Jabarti, de 42 anos, não tinha como objetivo dirigir um jornal. Quando adolescente, queria ser ginecologista. De fato, começou o curso de medicina, mas após um ano e meio mudou para literatura inglesa. Foi ao acabar a licenciatura que teve seu primeiro contato com o jornalismo. Por indicação de um professor entrou na Saudi Gazette. Não durou um ano. “Foi uma grande desilusão porque só me atribuíam temas de cosméticos e coisas do tipo”, lembra. Depois de se dedicar cinco anos ao ensino, acabar seu mestrado e passar por uma empresa de estudos de mercado, voltou ao jornalismo. Desta vez no Arab News, um jornal saudita líder em língua inglesa, em um país onde um terço da população é estrangeira.

Defensora de que ambos sexos trabalhem juntos, às vezes usa a entrada dos homens

Ali conheceu a Al Maeena, seu carismático diretor, com quem seria vice-diretora e com quem, em 2012, seguiu para a Saudi Gazette. “Trabalhamos juntos por 13 anos e sempre contei com seu apoio, mas quando me disse que ia mudar de emprego, não acreditei”, admite com franqueza. Sabe que sua nomeação tem muito a ver com as mudanças na sociedade saudita, em alguns aspectos, mais avançada do que suas arcaicas normas fazem parecer.

“Na Okaz [a empresa editora da Saudi Gazette], não moveram uma sobrancelha quando me tornei vice-diretora. Na maioria das reuniões, eu era a única mulher entre 23 homens. Cheguei a não sentir a diferença”, assegura com a convicção de quem se acostumou a romper estereótipos.

“Às vezes, uso a entrada dos homens”, confessa quando pergunto se os jornais ainda mantêm entradas separadas como em minha primeira visita ao reino há duas décadas. “O mais surpreendente é que isso se mantêm por causa das mulheres. Muitas querem sua entrada, trabalhar separadas. Pelo menos deveria ser uma opção, sobretudo no mundo da comunicação”, afirma.
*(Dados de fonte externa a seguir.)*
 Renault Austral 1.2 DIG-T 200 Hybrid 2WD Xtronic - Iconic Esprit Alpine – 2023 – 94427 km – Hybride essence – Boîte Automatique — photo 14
Ela é uma firme defensora de que homens e mulheres trabalhem lado a lado. “Al Maeena eliminou a separação no Arab News. Foi minha primeira experiência. Foi muito educativo”, manifesta. Tanto que levava sua filha ao local para que ela se acostumasse. “Um colega quando se deixou o jornal me disse: ‘aprendi que uma mulher não é só um corpo’. Isso me fez pensar. Aqui, a segregação começa na escola; terminamos coisificando o outro sexo”.

Por mais que custe perceber de fora, Jabarti assegura que a situação das mulheres no país mudou. “Agora elas são mais atrevidas”, destaca. “Além disso, os governantes estão promovendo a participação delas e a situação econômica obriga que marido e mulher tenham que trabalhar”. E aí, inevitavelmente, surge a proibição de dirigir que, sem dúvida, limita a mobilidade de potenciais trabalhadoras. “Não se trata de um direito senão de um senso comum”, ressalta. Ela destacou ainda um muito comentado artigo que publicou há três anos no meio de um dos recorrentes debates sobre o tema em que ressaltou que é escassa a utilidade de uma carteira de motorista se não mudam outras limitações. “É importante porque forçará outros assuntos que requerem direitos legais”, é preciso antes apontar a origem das limitações das sauditas. “O sistema de tutoria é o mais paralisante”.

Os direitos das mulheres estarão muito presentes na Gazette de Jabarti, mas seu objetivo é maior: “Dar voz a quem não têm”. E isso inclui os trabalhadores estrangeiros. “Somos um jornal em inglês e temos uma responsabilidade com a comunidade multinacional. Quero fazer eco de suas preocupações, torná-las visíveis. Eles não são tratados com justiça. O sistema de patrocínio é, como o de tutoria das mulheres, injusto”, conclui.